→ Assignment: Please write out exactly the line containing "this 480×640 image." below and every line after it, through the last one, but leave out any pictures.

Annotated photo localization data:
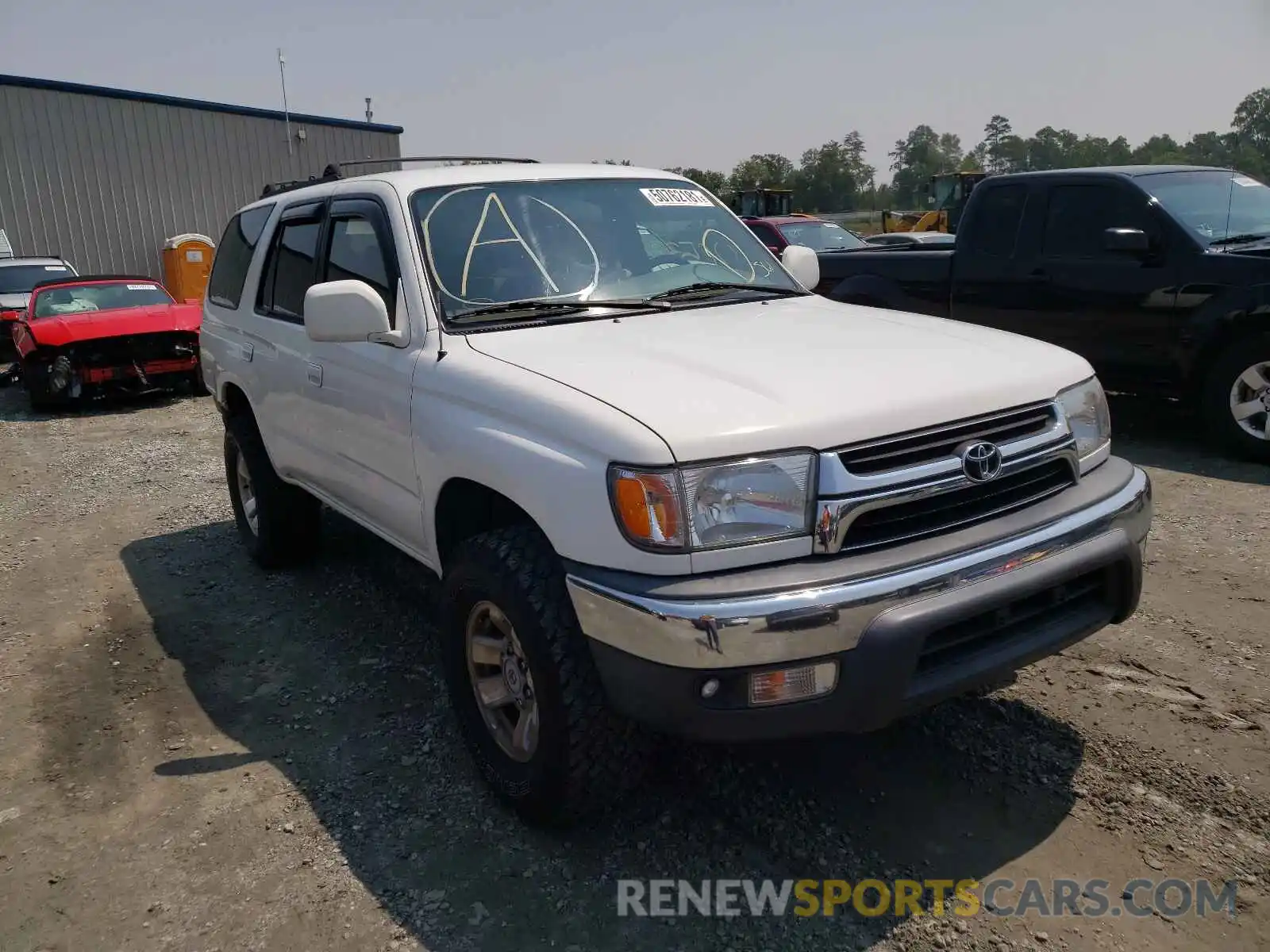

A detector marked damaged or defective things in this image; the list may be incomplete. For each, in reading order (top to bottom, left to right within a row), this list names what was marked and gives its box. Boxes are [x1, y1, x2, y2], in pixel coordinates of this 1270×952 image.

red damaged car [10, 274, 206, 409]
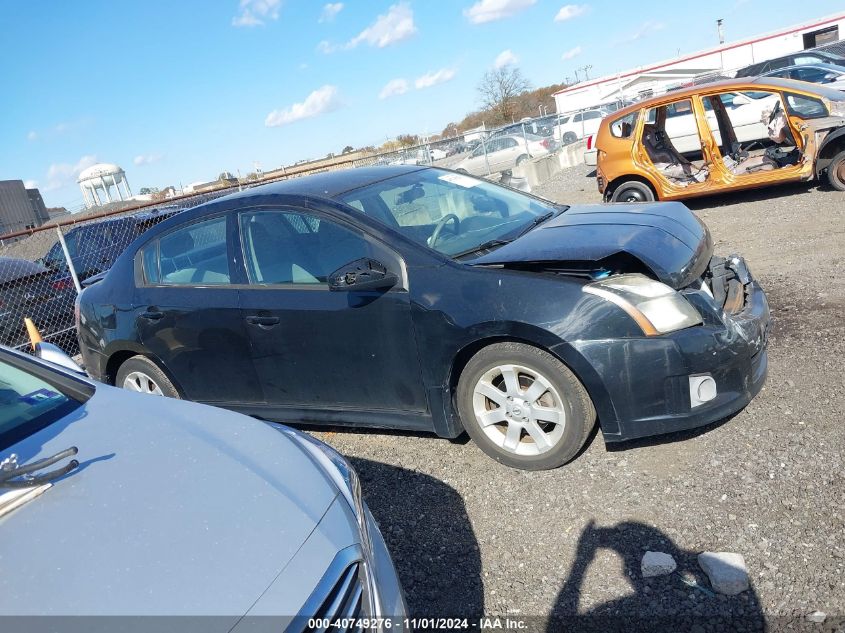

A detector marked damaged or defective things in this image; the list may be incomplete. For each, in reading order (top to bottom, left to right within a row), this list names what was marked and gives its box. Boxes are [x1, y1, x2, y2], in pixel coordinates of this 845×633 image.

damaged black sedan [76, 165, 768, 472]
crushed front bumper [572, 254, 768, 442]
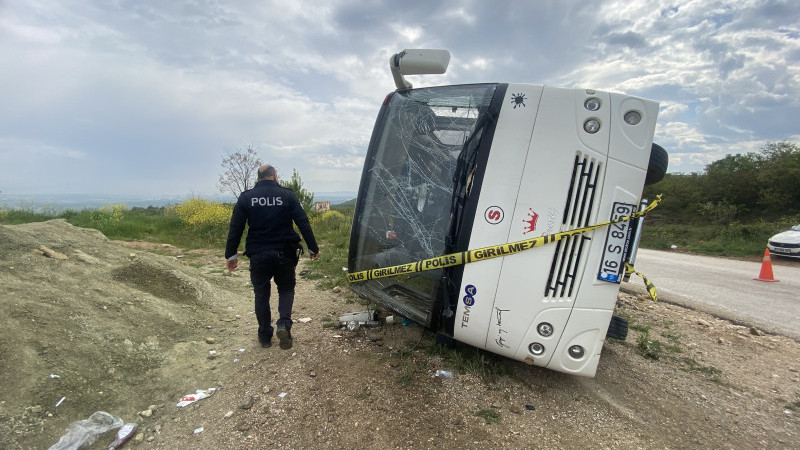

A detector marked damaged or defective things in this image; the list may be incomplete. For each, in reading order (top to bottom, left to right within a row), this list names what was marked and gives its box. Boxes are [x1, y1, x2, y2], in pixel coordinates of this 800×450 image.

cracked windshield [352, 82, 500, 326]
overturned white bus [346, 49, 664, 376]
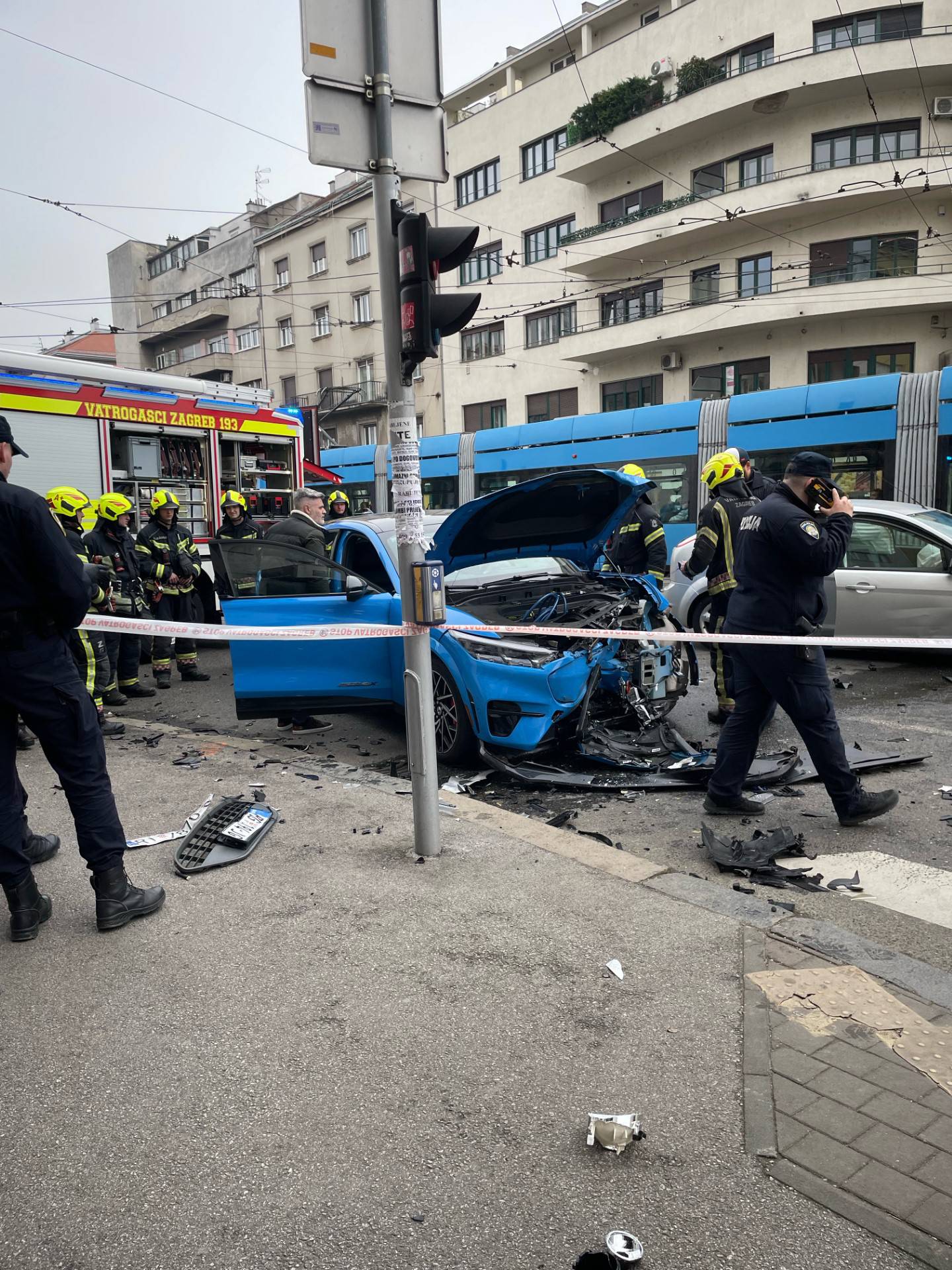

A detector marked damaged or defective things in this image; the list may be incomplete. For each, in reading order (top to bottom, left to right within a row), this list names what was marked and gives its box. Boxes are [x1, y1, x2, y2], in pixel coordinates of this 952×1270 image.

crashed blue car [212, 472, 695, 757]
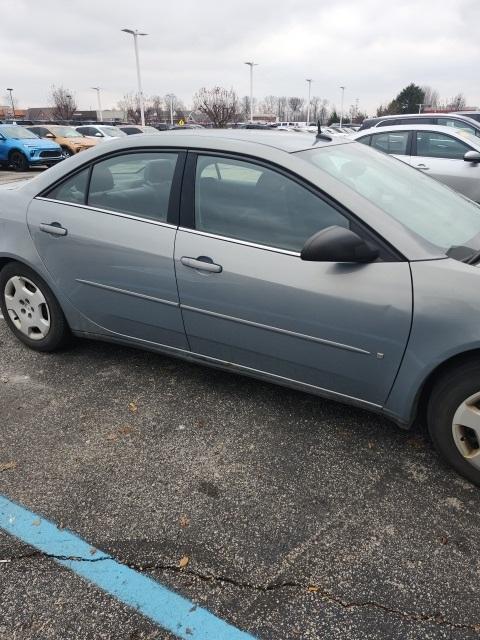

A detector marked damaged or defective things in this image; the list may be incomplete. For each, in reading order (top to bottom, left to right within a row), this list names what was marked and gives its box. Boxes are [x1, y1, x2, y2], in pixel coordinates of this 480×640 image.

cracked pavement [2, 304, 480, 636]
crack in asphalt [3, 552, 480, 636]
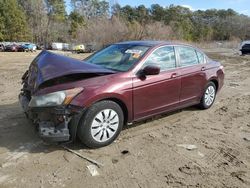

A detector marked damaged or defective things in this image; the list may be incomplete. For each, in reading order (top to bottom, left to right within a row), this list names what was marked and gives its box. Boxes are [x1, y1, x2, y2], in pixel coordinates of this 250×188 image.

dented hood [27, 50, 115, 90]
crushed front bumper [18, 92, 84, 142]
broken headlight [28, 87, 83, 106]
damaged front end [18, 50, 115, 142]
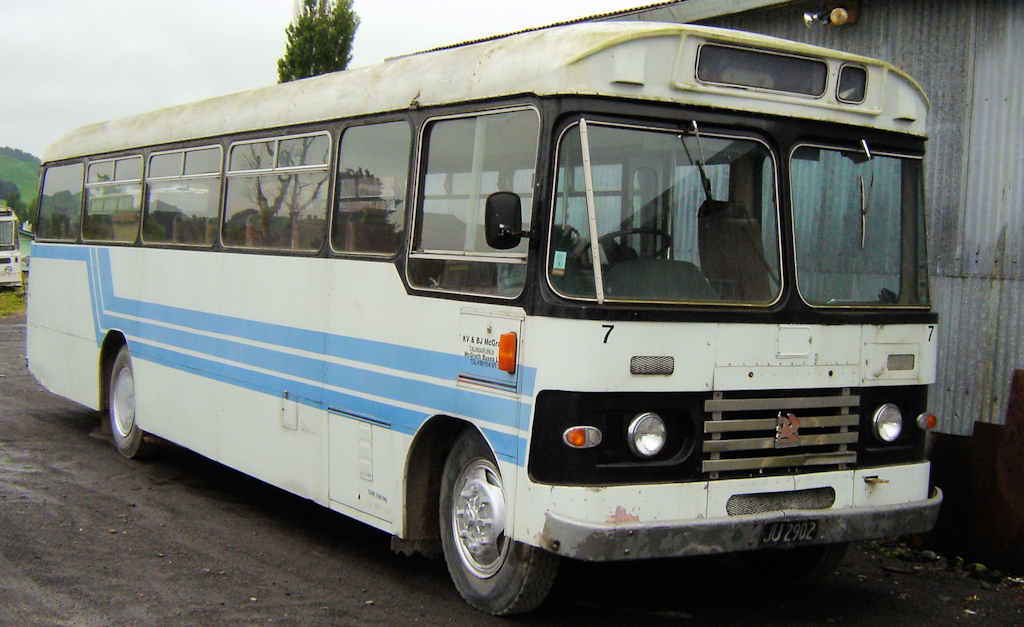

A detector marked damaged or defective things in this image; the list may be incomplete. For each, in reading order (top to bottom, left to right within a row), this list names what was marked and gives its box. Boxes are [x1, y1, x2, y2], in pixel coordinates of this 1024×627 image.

→ Response to the task:
A detector marked damaged or defective things in this image; the list may be incomplete. For each, in reading order (top to bottom, left to right within a row), this list names what was marked and gives its box. Boxes are [x1, y1, x2, y2], in pixel coordinates of this 480×640 image.

cracked pavement [2, 304, 480, 636]
crack in asphalt [3, 552, 480, 636]

A detector marked damaged or defective things in this image; the list may be incomplete. For each, in reading order (top to bottom, left to right within a row), this list names what was marked and gives its box. Boxes are [x1, y1, x2, y2], in pixel coordinates of this 250×188 image.

dented hood [27, 50, 115, 90]
crushed front bumper [18, 92, 84, 142]
broken headlight [28, 87, 83, 106]
damaged front end [18, 50, 115, 142]

A detector marked damaged or defective things in this image; the list may be incomplete. For each, in reading order (top to bottom, left to right within a row), this list names what was marked and gives its box. Boxes are [x1, y1, x2, y2], in pixel coordinates of this 1024×627 image.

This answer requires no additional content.